Source material: Begin
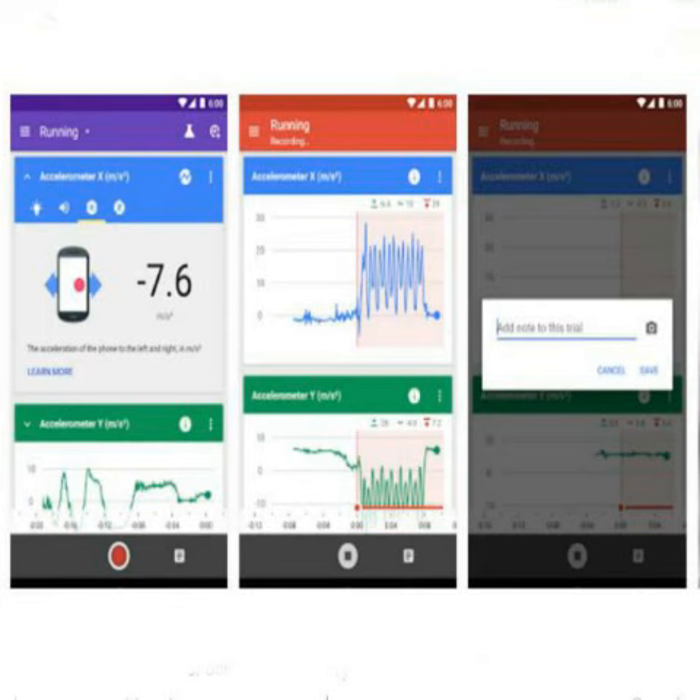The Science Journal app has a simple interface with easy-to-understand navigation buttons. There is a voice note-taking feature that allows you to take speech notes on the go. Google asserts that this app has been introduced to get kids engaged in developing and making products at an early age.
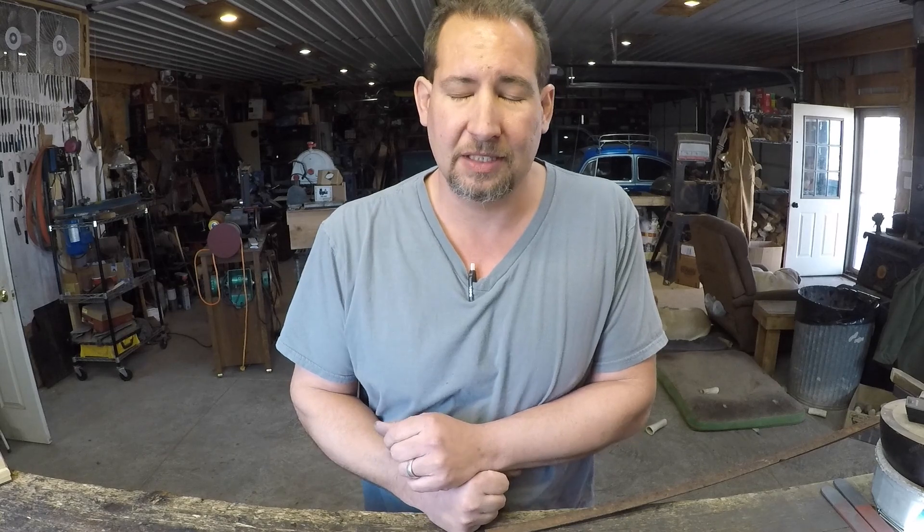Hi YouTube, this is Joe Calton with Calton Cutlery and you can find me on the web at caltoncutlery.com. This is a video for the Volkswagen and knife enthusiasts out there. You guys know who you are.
Source material: End
Source material: Begin
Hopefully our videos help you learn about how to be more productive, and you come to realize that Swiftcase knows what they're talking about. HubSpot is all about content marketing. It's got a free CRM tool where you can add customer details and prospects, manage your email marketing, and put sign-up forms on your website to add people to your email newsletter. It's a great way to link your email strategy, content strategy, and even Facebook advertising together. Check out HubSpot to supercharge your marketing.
Source material: End
**Problem to work on**
Start with the line with "The Science Journal" in the listing above and stop after the line with "Hi YouTube, this". Write out exactly the lines in that stretch and no others, without pictures.

**Answer area**
The Science Journal app has a simple interface with easy-to-understand navigation buttons. There is a voice note-taking feature that allows you to take speech notes on the go. Google asserts that this app has been introduced to get kids engaged in developing and making products at an early age.
Hi YouTube, this is Joe Calton with Calton Cutlery and you can find me on the web at caltoncutlery.com. This is a video for the Volkswagen and knife enthusiasts out there. You guys know who you are.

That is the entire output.